Though they have yet to hear a single word of opposition, Dean Hatt and Martin Laster are still worried about an upcoming vote on the South Whidbey School District’s local tax levy.
Even though it will cost taxpayers less than anytime since 1998 and only replaces a levy that has been in place for the last six years, the two men say they still need people to show up at the polls and fill out their mail in ballots if the two-year measure is to succeed.
“It’s important for people to get out and vote,” said Laster, the district’s superintendent.
Estimated at a total of $3.17 million, the levy represents 24 percent of the school’s allowable budget. Without it, the school does not receive enough funding from the state and federal governments to pay for sports, music and physical education teachers, counsellors, library staff and books, building maintenance, or mowing the lawns. With it, Laster said, the district can keep class sizes small and give students an education that goes beyond the basics the state funds.
Hatt, who is one of two co-chairs of a citizen’s committee supporting the levy, said this emphasis on learning bears out in the hard numbers provided every year by the Washington Assessment of Student Learning standardized tests. WASL scores compiled for South Whidbey seventh and tenth graders last year show marked improvement in student performance over the past three years.

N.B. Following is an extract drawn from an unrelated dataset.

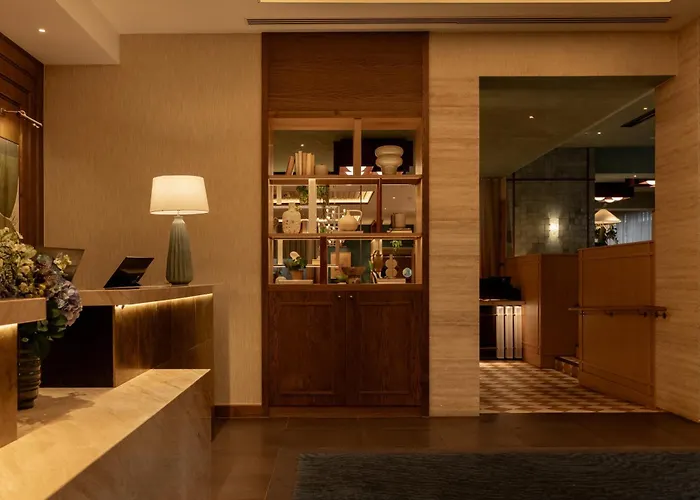 Luxe hotel: Doubletree By Hilton London Victoria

“It shows the educational process is working,” he said.
That kind of evidence is important to the campaign the citizen’s committee is waging. While at this point voters seem to be inclined to vote “yes” for the levy, actually getting them to the polls requires motivation. Based on voter turnout from the last levy election, at least 1,268 people must vote in favor of the measure for it to be validated. The final “yes” tally must also translate into a 60-percent approval rate. A simple majority will not do the job.
To provide the motivation test scores and lowered levy rate may not, volunteers working with the citizens committee will be on the streets Feb. 5 waving signs in support of the measure and encouraging people to get to the polls.

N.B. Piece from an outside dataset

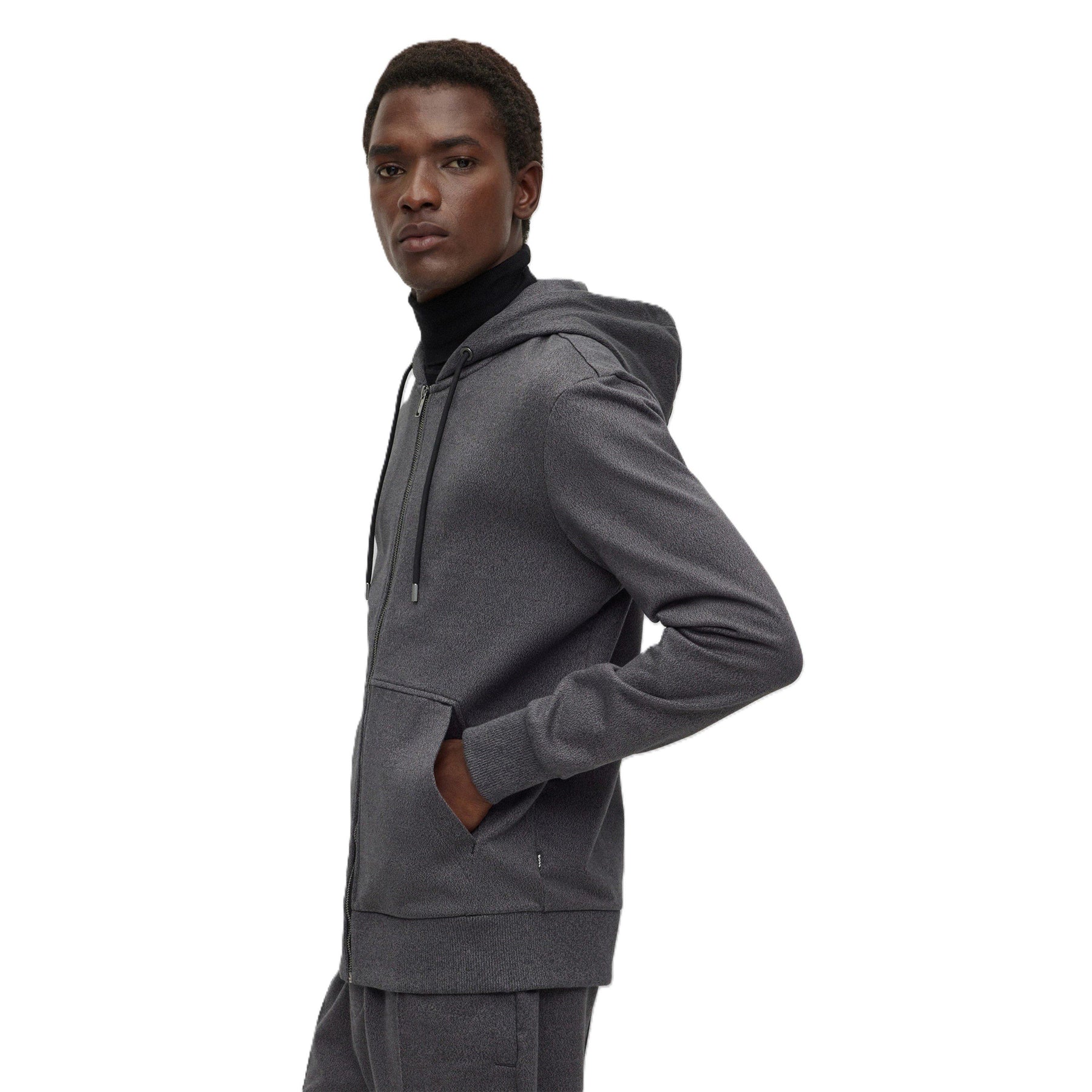 Men's Steele Jk Full Zip Hoodie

The first votes on the issue could start rolling in this week as absentee and mail-in voters fill out their ballots. Laster said he can’t imagine a large number of “no” votes turning up in the early balloting or on Feb. 5.

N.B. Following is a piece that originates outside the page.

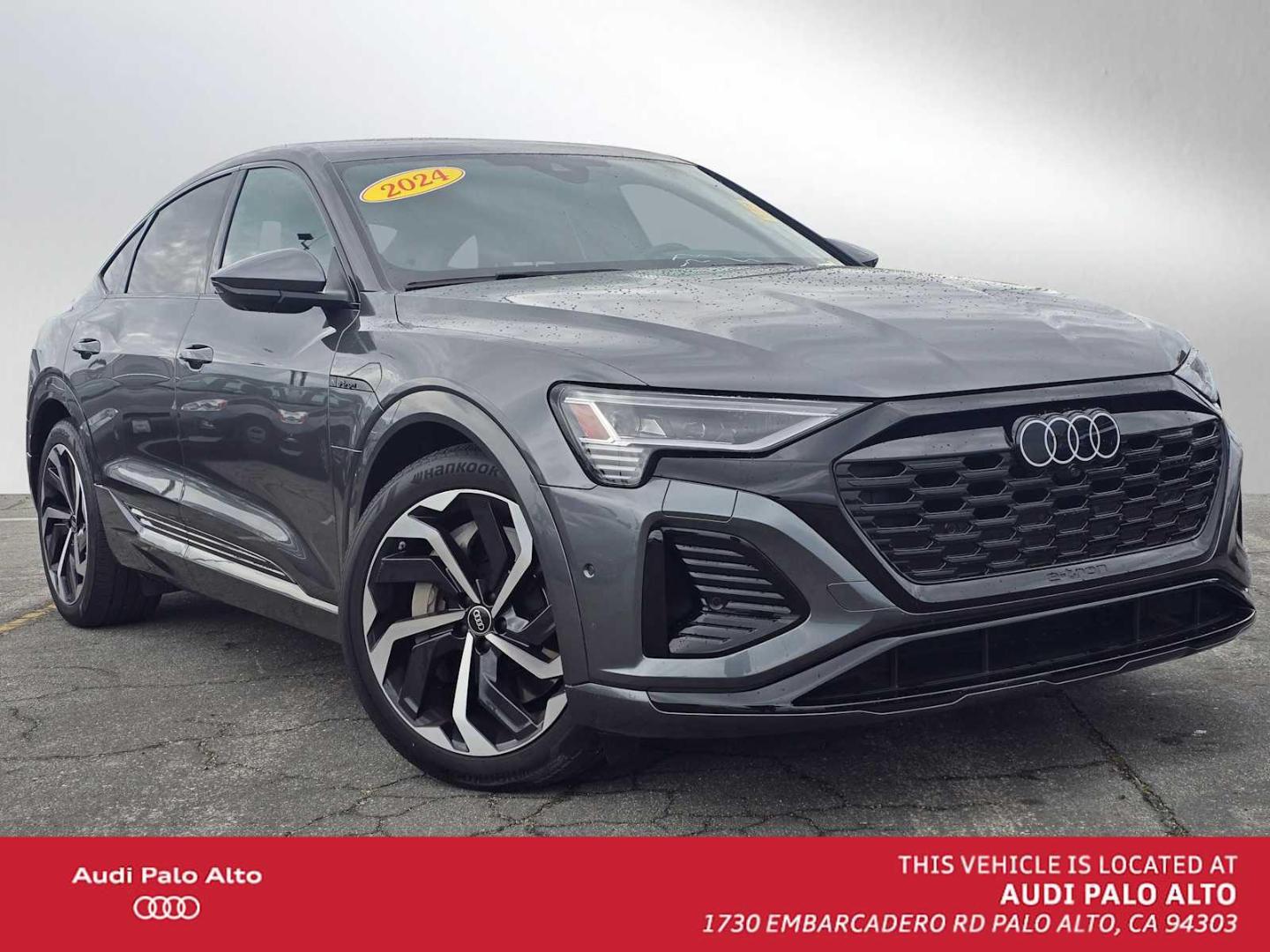 2024 Audi Q8 Sportback e-tron 55 114 kWh Prestige quattro's photo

“We really are thankful for the level of support the community has shown us,” he said.
Past school levy votes have always passed by comfortable margins, but recent changes in the economy are still a worry. Laster said the board of education decided to ask for a two-year term on the levy rather than the six allowed to re-
assure voters worried about their ability to pay taxes in the long run. Expected to cost property owners $1.47 per $1,000 of property value, the levy could be an even better deal when the district learns how much money it will get from the state for the 2002-03 school year. In the 2000, 2001 and 2002 the district’s actual levy rate was or will be lower than the rate projected the last time the public voted for school funds. The rate was higher than projected in 1997, 1998 and 1999.
Levy supporters know not every levy floated on South Whidbey succeeds. Two years ago, voters rejected a levy proposed by the South Whidbey Parks and Recreation District. A modified measure later won approval.
A parks levy is also on the ballot Feb. 5. Also a replacement levy, the measure will not increase taxes beyond 15 cents per $1,000 property owners already pay.
The schools and the parks will split the approximate $8,000 in election costs for the ballot measures.